Soyons concret dans la démonstration :
Le fils d’un ancien Président qui s’était enrichi illicitement et menait train de vie exceptionnel avec des pouvoirs tout aussi démesurés, a été condamné par la justice, mais il y’avait encore des gens pour dire qu’il était innocent. Pire, il a été gracié par la plus haute autorité du pays, alors que l’enrichissement illicite en raison de positions dans l’État devrait être un crime aussi grave qu’un homicide volontaire dans un pays où les femmes prennent encore la charrette pour aller accoucher dans des structures de santé dépourvues de presque tout et où beaucoup d’enfants vont encore à l’école dans des “abris provisoires”.
Autre cas concret : un chanteur célèbre a été au cœur d’un réseau de trafic de faux billets, démantelé après des mois de filature. Pourtant des gens se sont mobilisés pour qu’on libère le sieur. Évidemment, au pays du laxisme, il a été libéré par un tour de passe-passe douteux (disparition des pièces à conviction), avant de venir s’épancher dans les médias comme l’avait fait un violeur journaliste avant lui.
L’actuel maire de la ville de Dakar, homme politique depuis 40 ans, a été arrêté pour détournement d’objectifs liés aux deniers publics, reprenant des pratiques de gestion d’un autre âge perpétuées sous les régimes socialistes et libéraux. Rien dans ce qu’ont dit ses avocats, lui-même ou ses camarades de parti n’ont pour l’instant convaincu de le disculper d’avoir été un mauvais gestionnaire de deniers publics, et pourtant l’on trouve encore des gens pour le défendre. Dans la même veine, le pouvoir en place recycle, inspiré sans doute par l’ère de préoccupations écologiques que nous vivons, tous types d’individus pourtant épinglés par des rapports officiels de la Cour des comptes ou de l’inspection générale d’Etat (IGE) sur leur gestion calamiteuse, voire délictueuse (surfacturation de consommables et marchés fictifs de produits phytosanitaires).
Plus proche de nous, et loin des hautes sphères de l’État, une personne formellement épinglée pour avoir détourné plusieurs dons matériels et financiers destinés à des nécessiteux et des malades a fini par filer entre les mailles du filet social et continu de vaquer ses occupations le plus paisiblement du monde, principalement en raison du laxisme et du laisser-aller des victimes et des bonnes volontés lésées.
Enfin, pour l’obtention d’un permis de conduire sénégalais, les candidats qui doivent passer l’examen final sont priés d’amener chacun , le jour de l’examen final, 20 000 FCFA qu’ils devront remettre à leur moniteur, pour dit-on, avoir un”permis garanti” : comprenez un permis octroyé même en cas d’échec.

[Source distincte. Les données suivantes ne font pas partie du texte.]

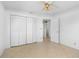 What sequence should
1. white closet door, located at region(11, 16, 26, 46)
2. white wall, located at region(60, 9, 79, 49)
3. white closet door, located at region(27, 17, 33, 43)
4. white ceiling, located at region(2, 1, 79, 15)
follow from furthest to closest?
white closet door, located at region(27, 17, 33, 43), white closet door, located at region(11, 16, 26, 46), white wall, located at region(60, 9, 79, 49), white ceiling, located at region(2, 1, 79, 15)

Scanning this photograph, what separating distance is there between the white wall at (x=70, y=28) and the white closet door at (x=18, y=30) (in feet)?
7.55

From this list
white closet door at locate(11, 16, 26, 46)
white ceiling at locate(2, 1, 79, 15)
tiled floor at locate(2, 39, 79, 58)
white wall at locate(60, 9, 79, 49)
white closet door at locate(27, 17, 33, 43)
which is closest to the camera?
white ceiling at locate(2, 1, 79, 15)

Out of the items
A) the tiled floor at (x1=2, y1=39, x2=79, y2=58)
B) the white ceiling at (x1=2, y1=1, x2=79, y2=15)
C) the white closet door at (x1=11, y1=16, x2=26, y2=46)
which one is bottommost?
the tiled floor at (x1=2, y1=39, x2=79, y2=58)

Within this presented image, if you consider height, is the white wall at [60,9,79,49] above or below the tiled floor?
above

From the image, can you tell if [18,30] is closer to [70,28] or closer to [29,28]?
[29,28]

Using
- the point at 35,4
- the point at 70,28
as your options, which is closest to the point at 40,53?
the point at 35,4

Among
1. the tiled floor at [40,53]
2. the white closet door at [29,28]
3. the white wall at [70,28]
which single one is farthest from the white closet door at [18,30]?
the white wall at [70,28]

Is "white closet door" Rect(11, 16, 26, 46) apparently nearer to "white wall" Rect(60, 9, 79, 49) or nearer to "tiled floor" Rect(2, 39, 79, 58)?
"tiled floor" Rect(2, 39, 79, 58)

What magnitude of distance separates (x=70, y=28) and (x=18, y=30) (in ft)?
9.30

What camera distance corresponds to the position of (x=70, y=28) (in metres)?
4.87

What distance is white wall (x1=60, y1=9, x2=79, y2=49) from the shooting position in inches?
175

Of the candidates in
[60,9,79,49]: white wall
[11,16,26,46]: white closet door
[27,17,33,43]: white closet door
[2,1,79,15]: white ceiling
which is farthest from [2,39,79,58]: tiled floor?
[2,1,79,15]: white ceiling

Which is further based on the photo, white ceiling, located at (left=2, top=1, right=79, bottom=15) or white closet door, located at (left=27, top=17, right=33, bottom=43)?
white closet door, located at (left=27, top=17, right=33, bottom=43)

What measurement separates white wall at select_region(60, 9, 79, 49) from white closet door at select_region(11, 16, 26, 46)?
2.30 metres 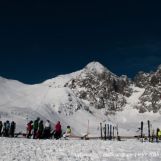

Or, pour recevoir autant de 20 000 FCFA que possible qu’ils finiront par se partager, moniteurs et examinateurs organisent l’échec (à peine 5 à 10 % des candidats arrivent à valider leur “créneau” malgré plusieurs semaines de conduite assistée). Ainsi, moniteurs, examinateurs, candidats et parents payant le permis sont donc tous d’accord sur ce “deal” financier. Cela démontre, là aussi, que les responsabilités sont à la fois collectives et individuelles. Faites un tour à l’examen mensuel du permis de conduite au service des mines de Dakar, vous y constaterez vous-même ce ballet de billets.
Il n’y a donc aucune rupture depuis des décennies, au niveau étatique, ni au niveau des partis politiques, des associations, des individus, des familles, en somme, de toute la société. Évidemment, la classe politique est la catégorie sociale plus facilement atteignable et critiquable du fait de son exposition. Cependant ce laxisme d’État est également présent et vécu tous les jours dans les familles. Les viols y sont tus, par peur de ternir un honneur pourtant déjà détruit chez la petite fille ou le petit garçon victime d’une telle infamie.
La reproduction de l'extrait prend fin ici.